Story behind the artwork:
I'm coming to the end of my art course; the last lesson is to compile a portfolio that showcases the skills I've learned, from figure-drawing to animal art, from working in paint to ink to pencil. I've been given five projects, but they are all fairly open. I'm so excited about getting to work on them! The first of the assignments was to create an ink piece that studied an animal. I appreciated the chance to refresh and refine my abilities in dealing with ink, as well as to research in order to find reference photographs.

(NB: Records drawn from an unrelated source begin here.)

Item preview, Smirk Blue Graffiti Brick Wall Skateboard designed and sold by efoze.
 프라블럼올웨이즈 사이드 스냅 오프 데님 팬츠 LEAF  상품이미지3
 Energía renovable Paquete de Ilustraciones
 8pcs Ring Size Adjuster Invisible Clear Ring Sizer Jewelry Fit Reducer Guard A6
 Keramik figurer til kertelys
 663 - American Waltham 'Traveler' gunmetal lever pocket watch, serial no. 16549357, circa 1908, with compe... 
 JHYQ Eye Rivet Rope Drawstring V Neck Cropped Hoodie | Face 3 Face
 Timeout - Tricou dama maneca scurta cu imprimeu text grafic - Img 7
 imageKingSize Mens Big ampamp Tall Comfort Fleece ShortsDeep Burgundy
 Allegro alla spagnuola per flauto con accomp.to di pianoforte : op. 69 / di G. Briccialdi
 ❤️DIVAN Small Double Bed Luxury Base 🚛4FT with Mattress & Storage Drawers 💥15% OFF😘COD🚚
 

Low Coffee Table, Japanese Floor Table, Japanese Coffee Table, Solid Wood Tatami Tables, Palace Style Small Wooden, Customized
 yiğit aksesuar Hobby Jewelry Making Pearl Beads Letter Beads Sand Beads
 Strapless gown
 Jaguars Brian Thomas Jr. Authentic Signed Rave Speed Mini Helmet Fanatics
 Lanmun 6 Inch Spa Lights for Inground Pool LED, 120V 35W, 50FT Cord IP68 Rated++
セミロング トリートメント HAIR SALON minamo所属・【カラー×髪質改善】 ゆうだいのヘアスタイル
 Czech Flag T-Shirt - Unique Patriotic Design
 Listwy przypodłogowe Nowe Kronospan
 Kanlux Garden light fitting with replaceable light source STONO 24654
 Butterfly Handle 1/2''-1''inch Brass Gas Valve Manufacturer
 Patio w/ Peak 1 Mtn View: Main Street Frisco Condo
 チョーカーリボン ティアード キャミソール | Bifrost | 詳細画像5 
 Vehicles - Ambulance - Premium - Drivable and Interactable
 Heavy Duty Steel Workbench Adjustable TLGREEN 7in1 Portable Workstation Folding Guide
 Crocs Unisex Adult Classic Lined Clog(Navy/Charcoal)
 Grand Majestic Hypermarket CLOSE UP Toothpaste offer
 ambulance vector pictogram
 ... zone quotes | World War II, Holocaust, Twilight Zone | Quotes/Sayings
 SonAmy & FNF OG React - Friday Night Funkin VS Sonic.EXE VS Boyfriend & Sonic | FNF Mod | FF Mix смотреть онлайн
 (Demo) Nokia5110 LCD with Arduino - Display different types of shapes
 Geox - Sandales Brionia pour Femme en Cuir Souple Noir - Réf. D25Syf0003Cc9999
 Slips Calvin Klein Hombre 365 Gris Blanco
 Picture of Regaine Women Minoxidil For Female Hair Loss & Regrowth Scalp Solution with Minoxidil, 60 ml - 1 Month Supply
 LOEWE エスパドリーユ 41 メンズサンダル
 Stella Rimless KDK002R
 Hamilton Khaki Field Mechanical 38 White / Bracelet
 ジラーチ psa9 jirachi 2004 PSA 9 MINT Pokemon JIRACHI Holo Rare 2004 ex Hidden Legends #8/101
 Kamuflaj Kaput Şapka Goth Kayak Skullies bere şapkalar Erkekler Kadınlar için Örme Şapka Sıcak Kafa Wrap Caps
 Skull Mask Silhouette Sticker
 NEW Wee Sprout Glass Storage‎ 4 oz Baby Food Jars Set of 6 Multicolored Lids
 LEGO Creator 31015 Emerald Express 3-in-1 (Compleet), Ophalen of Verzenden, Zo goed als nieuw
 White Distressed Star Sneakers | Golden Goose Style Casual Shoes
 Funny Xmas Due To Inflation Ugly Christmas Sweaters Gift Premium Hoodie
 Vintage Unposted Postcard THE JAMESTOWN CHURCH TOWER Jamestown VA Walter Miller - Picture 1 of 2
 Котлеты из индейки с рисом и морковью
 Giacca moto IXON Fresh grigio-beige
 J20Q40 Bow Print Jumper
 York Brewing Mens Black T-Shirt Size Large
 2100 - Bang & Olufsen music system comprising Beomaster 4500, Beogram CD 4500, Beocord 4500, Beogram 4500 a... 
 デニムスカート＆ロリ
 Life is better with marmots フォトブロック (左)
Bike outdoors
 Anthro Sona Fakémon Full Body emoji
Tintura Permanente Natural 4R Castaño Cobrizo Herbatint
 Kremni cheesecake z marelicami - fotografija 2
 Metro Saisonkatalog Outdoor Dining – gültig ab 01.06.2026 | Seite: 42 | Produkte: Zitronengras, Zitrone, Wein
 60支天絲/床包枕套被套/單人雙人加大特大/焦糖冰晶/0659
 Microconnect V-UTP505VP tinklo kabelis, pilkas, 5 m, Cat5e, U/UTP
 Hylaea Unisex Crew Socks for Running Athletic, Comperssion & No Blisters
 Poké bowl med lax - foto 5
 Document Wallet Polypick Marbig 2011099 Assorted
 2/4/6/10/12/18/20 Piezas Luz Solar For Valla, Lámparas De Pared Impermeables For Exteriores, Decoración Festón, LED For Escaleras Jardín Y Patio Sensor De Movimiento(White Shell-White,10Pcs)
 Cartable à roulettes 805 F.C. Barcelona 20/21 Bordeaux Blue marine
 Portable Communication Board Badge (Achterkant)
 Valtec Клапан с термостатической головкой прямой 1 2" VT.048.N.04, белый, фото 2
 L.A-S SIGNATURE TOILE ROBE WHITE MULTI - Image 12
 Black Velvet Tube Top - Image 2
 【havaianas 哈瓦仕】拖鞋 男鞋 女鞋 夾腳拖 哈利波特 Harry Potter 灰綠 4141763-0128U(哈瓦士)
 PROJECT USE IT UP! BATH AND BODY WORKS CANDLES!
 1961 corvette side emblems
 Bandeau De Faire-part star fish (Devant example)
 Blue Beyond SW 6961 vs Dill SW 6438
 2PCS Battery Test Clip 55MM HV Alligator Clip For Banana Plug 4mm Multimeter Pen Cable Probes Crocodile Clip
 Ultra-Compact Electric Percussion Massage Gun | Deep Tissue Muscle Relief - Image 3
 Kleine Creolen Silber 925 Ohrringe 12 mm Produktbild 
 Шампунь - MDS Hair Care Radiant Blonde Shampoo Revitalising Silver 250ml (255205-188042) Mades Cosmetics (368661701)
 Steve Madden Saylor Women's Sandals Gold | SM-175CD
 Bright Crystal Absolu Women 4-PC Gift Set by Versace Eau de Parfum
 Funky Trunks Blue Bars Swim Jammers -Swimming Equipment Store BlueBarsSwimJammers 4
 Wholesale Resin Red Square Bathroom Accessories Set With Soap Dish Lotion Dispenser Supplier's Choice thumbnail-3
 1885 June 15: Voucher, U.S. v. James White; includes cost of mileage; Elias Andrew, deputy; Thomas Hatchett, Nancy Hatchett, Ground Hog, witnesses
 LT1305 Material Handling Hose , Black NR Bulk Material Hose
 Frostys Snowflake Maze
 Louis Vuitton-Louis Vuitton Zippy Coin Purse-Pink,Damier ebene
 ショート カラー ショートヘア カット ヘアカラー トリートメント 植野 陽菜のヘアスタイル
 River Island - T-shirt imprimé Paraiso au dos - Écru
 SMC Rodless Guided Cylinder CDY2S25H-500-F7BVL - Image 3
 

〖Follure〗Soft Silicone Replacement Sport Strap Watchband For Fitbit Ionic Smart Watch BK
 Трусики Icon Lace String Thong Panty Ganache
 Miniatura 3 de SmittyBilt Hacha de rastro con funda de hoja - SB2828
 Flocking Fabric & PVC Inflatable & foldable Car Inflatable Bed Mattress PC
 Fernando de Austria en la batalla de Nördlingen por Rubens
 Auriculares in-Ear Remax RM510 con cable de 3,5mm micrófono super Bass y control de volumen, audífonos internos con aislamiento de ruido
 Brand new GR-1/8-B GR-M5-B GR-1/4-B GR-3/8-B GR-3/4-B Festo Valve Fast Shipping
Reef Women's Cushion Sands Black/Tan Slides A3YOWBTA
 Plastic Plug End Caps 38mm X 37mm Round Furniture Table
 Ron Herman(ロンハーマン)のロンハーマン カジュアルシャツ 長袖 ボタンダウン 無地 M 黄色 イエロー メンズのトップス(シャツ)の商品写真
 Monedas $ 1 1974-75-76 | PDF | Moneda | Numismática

When working on it, I thought of a quote from Eric Fortune, an author on an art blog I read called Muddy Colors:
I've had people approach me with their portfolio and show me work that was definitely not at a professional level. When asked how much time was spent on the work I've heard "about 10 hours". It makes you wonder why someone is trying to be in the field if 10 hours is the limit they've devoted to a "final" piece of art. Are people interested enough on a personal level to put in extra hours and to refine their work beyond what is necessary even when not asked or to pour themselves into a personal piece they aren't getting paid for?
There is a danger in talking about art instead of just letting it speak for itself. It's the risk of claiming more than it really deserves - putting thought and time into making something doesn't ensure that it is good art. When I was studying for the AP English Composition exam two years ago, I read a short passage from Emerson, a complaint against the misuse of books. He wrote, "The poet chanting was felt to be a divine man: henceforth the chant is divine also." And because "the poet chanting" is such an uncommon phrasing, I remembered it.

But back-stories can be worthwhile for people who are interested in the life of the artist, and not just the meaning in the art; they are also enjoyable to recount. I will add that some types of art historians put a great deal of significance on interpreting the artwork considering the artist's own life; maybe the expressive power of art cannot be separated from its historical and personal contexts.

I like deer because of their beauty. I'm not a driver or a landscaper, so instead of roadkill or munched vegetation, deer make me think of Psalm 42 and spotting them in the park at night.


Nicole said...

Love the drawing! :) Beautifully done, Rebecca.